Why? Because it thrives in an environment of detached awareness. It has beliefs or, as I prefer, perspectives, but it isn’t attached to them. As a consequence, there is an evolution of the self, what Christians would call “growth in Christ.” There is an expansion of human consciousness, not a narrowing of it, which is what you often see with Christians. Instead of being in the world but not of it (John 17:16), as their forerunner advised, they are neither of the world nor in it, opting instead to remain in church 24/7, as if to hide from the world.

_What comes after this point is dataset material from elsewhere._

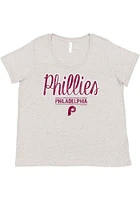 Philadelphia Phillies Womens Curvy Short Sleeve T-Shirt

An environment of ego-detachment is the fertile soil for the growth of faith–a faith that is transformational; a faith that naturally springs from a fountain of spontaneity, knowing not when it’s giving another a cup of cold water or feeding a hungry soul (Matthew 25). It is beneath and beyond ego attachments and so has no enemies. It is a faith that flourishes in a garden of contradiction, with an appreciation for the variety in perspectives and tastes.

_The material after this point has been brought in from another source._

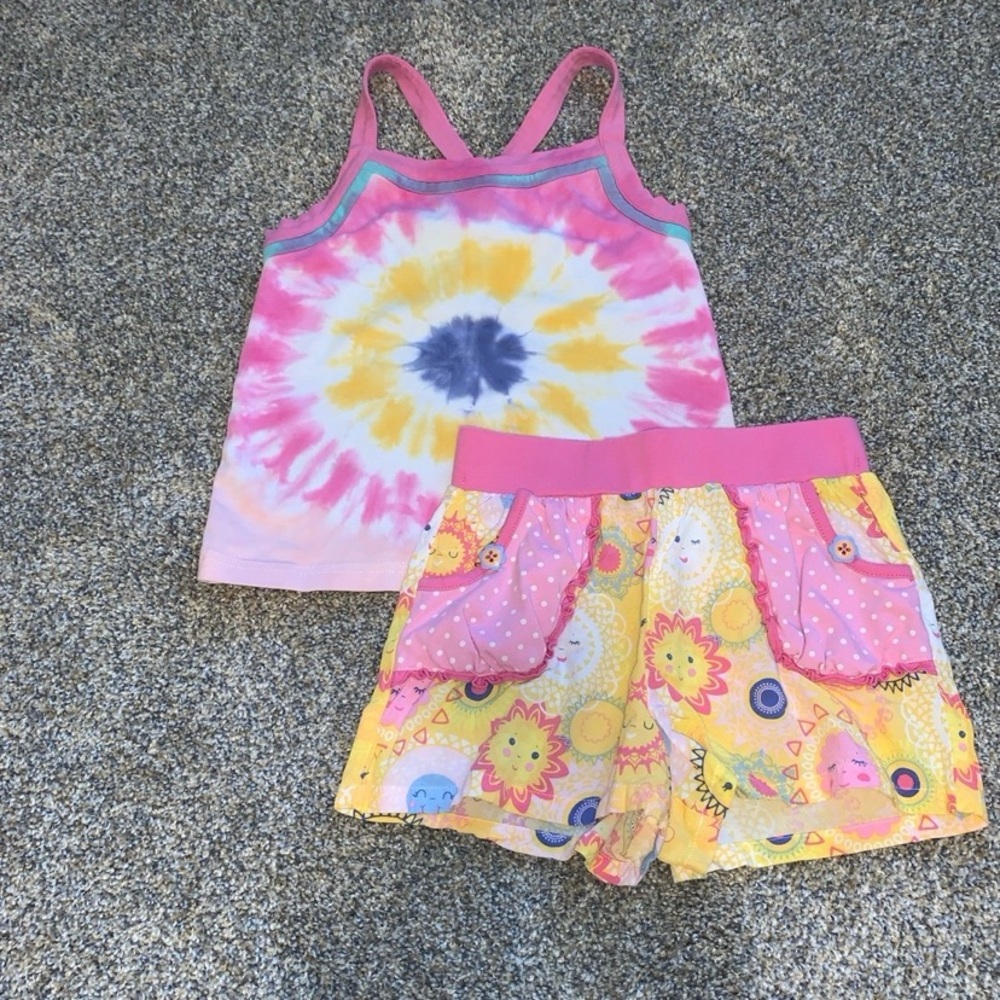 Matilda Jane Pink and Yellow Tie-Dye Kids Matching Set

This is why, for me, being a Christian is less about content and more about conduct. It is true I have perspectives and much passion around them. So I write with conviction. I speak with authority. But I also seek to know when the ego in me gets too attached to my perspectives and so tries to make “beliefs” out of them. I know where that road leads and I want no part of it — not anymore.

I am a follower of Jesus but it isn’t because he answers all my questions or has given me something to believe in — something the little ego in me can attach to and so feel secure. I follow Jesus because his path makes sense. It’s a way to know God, to live at peace with myself, with others and the world. But Jesus’ pathway isn’t easy. It is not paved with a cement of “certainty” or “absolutes.” If that’s what the ego in you needs, there are plenty of religions around — Jesus called them “the broad roads” — that are crowded and so presumed to be “correct.” But in the end, those roads, no matter how right they may seem, are roads that “lead to destruction.”

Why? Because, instead of forming you, you’re con-formed; instead of freeing you, you’re enslaved; instead of pointing you in the way to go, they prescribe to you the way you must go; instead of creating a more unified world, the world becomes more divided and conflicted. And in the end, the road leads nowhere, except to a world of those “like” us and those who aren’t — a world of believers and unbelievers, which really just means a world of those who believe like us and those who don’t.

I wish, instead, to walk “the narrow road,” as Jesus described it. Few travel this road because it can be lonely and unclear. Yet, it is the pathway of God. It is the pathway of faith.

There are few markers. Much insecurity. Little to believe in. But there’s lots of compassion. Much to enjoy. No judgments. No arrogance. No presumptions. None of the “Our path is right; your path is wrong” nonsense.

No, this path is just one path to knowing God. But it is the path I have chosen. And it has brought me great joy.